> [Record excerpts]:
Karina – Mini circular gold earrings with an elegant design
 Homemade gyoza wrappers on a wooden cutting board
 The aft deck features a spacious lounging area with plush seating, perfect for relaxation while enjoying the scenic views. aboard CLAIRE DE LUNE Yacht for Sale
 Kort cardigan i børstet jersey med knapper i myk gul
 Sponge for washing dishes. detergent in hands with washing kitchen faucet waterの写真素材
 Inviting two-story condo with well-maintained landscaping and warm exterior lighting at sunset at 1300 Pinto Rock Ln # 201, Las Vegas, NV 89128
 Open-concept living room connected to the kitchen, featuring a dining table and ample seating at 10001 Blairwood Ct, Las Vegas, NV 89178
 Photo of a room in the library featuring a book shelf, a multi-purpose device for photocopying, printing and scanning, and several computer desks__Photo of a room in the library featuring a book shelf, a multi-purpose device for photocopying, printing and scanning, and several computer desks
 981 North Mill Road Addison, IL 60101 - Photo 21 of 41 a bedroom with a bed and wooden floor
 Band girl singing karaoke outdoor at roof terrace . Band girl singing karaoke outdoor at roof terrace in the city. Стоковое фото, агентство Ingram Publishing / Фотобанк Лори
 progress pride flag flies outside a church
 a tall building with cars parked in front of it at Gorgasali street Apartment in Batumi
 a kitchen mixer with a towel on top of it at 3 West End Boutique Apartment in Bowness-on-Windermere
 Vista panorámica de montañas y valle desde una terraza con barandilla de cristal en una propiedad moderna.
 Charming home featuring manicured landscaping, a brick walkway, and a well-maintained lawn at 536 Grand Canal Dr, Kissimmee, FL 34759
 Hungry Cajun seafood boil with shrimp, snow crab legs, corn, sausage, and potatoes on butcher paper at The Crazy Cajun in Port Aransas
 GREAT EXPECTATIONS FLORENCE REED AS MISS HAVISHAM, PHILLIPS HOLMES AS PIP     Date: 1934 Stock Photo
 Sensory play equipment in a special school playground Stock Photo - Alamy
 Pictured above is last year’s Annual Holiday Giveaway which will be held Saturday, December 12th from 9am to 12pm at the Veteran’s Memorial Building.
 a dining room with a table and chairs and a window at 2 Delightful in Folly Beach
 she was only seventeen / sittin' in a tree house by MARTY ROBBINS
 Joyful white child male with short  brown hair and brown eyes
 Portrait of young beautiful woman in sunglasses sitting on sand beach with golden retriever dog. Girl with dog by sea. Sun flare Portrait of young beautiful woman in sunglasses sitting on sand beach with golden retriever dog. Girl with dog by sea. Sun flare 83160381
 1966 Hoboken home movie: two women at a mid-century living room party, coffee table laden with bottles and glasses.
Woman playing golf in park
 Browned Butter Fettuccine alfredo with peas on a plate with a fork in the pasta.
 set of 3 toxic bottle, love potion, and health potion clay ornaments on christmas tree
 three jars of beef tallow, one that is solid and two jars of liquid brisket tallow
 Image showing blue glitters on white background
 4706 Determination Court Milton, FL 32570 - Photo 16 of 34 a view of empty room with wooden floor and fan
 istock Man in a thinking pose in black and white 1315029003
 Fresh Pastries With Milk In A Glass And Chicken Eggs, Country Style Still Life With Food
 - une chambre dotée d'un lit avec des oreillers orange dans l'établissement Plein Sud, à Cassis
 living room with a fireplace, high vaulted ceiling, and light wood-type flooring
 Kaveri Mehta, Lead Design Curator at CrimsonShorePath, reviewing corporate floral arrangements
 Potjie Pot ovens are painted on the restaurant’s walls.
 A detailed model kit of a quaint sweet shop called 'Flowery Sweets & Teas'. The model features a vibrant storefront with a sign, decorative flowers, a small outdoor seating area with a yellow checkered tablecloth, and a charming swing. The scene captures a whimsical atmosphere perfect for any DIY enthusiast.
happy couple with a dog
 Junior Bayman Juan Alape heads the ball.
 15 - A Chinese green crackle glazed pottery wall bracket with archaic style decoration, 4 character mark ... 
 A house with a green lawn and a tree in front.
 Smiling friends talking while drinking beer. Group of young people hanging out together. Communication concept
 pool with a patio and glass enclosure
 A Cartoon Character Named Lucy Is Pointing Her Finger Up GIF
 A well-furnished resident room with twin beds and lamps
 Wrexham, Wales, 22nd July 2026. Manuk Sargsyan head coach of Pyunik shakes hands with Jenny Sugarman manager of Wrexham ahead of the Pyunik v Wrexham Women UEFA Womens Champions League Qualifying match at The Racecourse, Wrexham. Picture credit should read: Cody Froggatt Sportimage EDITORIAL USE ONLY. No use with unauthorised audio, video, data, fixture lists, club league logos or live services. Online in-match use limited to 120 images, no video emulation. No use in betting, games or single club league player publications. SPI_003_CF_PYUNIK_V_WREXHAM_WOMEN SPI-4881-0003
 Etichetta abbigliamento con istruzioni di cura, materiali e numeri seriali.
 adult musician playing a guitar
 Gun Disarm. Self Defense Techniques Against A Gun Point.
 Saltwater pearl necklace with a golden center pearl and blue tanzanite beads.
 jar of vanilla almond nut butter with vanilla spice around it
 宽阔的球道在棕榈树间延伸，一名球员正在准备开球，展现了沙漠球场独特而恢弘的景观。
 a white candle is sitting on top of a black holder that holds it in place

> [Task goal]:
Copy the data exactly. Leave nothing out.

> [Problem solution]:
Karina – Mini circular gold earrings with an elegant design
 Homemade gyoza wrappers on a wooden cutting board
 The aft deck features a spacious lounging area with plush seating, perfect for relaxation while enjoying the scenic views. aboard CLAIRE DE LUNE Yacht for Sale
 Kort cardigan i børstet jersey med knapper i myk gul
 Sponge for washing dishes. detergent in hands with washing kitchen faucet waterの写真素材
 Inviting two-story condo with well-maintained landscaping and warm exterior lighting at sunset at 1300 Pinto Rock Ln # 201, Las Vegas, NV 89128
 Open-concept living room connected to the kitchen, featuring a dining table and ample seating at 10001 Blairwood Ct, Las Vegas, NV 89178
 Photo of a room in the library featuring a book shelf, a multi-purpose device for photocopying, printing and scanning, and several computer desks__Photo of a room in the library featuring a book shelf, a multi-purpose device for photocopying, printing and scanning, and several computer desks
 981 North Mill Road Addison, IL 60101 - Photo 21 of 41 a bedroom with a bed and wooden floor
 Band girl singing karaoke outdoor at roof terrace . Band girl singing karaoke outdoor at roof terrace in the city. Стоковое фото, агентство Ingram Publishing / Фотобанк Лори
 progress pride flag flies outside a church
 a tall building with cars parked in front of it at Gorgasali street Apartment in Batumi
 a kitchen mixer with a towel on top of it at 3 West End Boutique Apartment in Bowness-on-Windermere
 Vista panorámica de montañas y valle desde una terraza con barandilla de cristal en una propiedad moderna.
 Charming home featuring manicured landscaping, a brick walkway, and a well-maintained lawn at 536 Grand Canal Dr, Kissimmee, FL 34759
 Hungry Cajun seafood boil with shrimp, snow crab legs, corn, sausage, and potatoes on butcher paper at The Crazy Cajun in Port Aransas
 GREAT EXPECTATIONS FLORENCE REED AS MISS HAVISHAM, PHILLIPS HOLMES AS PIP     Date: 1934 Stock Photo
 Sensory play equipment in a special school playground Stock Photo - Alamy
 Pictured above is last year’s Annual Holiday Giveaway which will be held Saturday, December 12th from 9am to 12pm at the Veteran’s Memorial Building.
 a dining room with a table and chairs and a window at 2 Delightful in Folly Beach
 she was only seventeen / sittin' in a tree house by MARTY ROBBINS
 Joyful white child male with short  brown hair and brown eyes
 Portrait of young beautiful woman in sunglasses sitting on sand beach with golden retriever dog. Girl with dog by sea. Sun flare Portrait of young beautiful woman in sunglasses sitting on sand beach with golden retriever dog. Girl with dog by sea. Sun flare 83160381
 1966 Hoboken home movie: two women at a mid-century living room party, coffee table laden with bottles and glasses.
Woman playing golf in park
 Browned Butter Fettuccine alfredo with peas on a plate with a fork in the pasta.
 set of 3 toxic bottle, love potion, and health potion clay ornaments on christmas tree
 three jars of beef tallow, one that is solid and two jars of liquid brisket tallow
 Image showing blue glitters on white background
 4706 Determination Court Milton, FL 32570 - Photo 16 of 34 a view of empty room with wooden floor and fan
 istock Man in a thinking pose in black and white 1315029003
 Fresh Pastries With Milk In A Glass And Chicken Eggs, Country Style Still Life With Food
 - une chambre dotée d'un lit avec des oreillers orange dans l'établissement Plein Sud, à Cassis
 living room with a fireplace, high vaulted ceiling, and light wood-type flooring
 Kaveri Mehta, Lead Design Curator at CrimsonShorePath, reviewing corporate floral arrangements
 Potjie Pot ovens are painted on the restaurant’s walls.
 A detailed model kit of a quaint sweet shop called 'Flowery Sweets & Teas'. The model features a vibrant storefront with a sign, decorative flowers, a small outdoor seating area with a yellow checkered tablecloth, and a charming swing. The scene captures a whimsical atmosphere perfect for any DIY enthusiast.
happy couple with a dog
 Junior Bayman Juan Alape heads the ball.
 15 - A Chinese green crackle glazed pottery wall bracket with archaic style decoration, 4 character mark ... 
 A house with a green lawn and a tree in front.
 Smiling friends talking while drinking beer. Group of young people hanging out together. Communication concept
 pool with a patio and glass enclosure
 A Cartoon Character Named Lucy Is Pointing Her Finger Up GIF
 A well-furnished resident room with twin beds and lamps
 Wrexham, Wales, 22nd July 2026. Manuk Sargsyan head coach of Pyunik shakes hands with Jenny Sugarman manager of Wrexham ahead of the Pyunik v Wrexham Women UEFA Womens Champions League Qualifying match at The Racecourse, Wrexham. Picture credit should read: Cody Froggatt Sportimage EDITORIAL USE ONLY. No use with unauthorised audio, video, data, fixture lists, club league logos or live services. Online in-match use limited to 120 images, no video emulation. No use in betting, games or single club league player publications. SPI_003_CF_PYUNIK_V_WREXHAM_WOMEN SPI-4881-0003
 Etichetta abbigliamento con istruzioni di cura, materiali e numeri seriali.
 adult musician playing a guitar
 Gun Disarm. Self Defense Techniques Against A Gun Point.
 Saltwater pearl necklace with a golden center pearl and blue tanzanite beads.
 jar of vanilla almond nut butter with vanilla spice around it
 宽阔的球道在棕榈树间延伸，一名球员正在准备开球，展现了沙漠球场独特而恢弘的景观。
 a white candle is sitting on top of a black holder that holds it in place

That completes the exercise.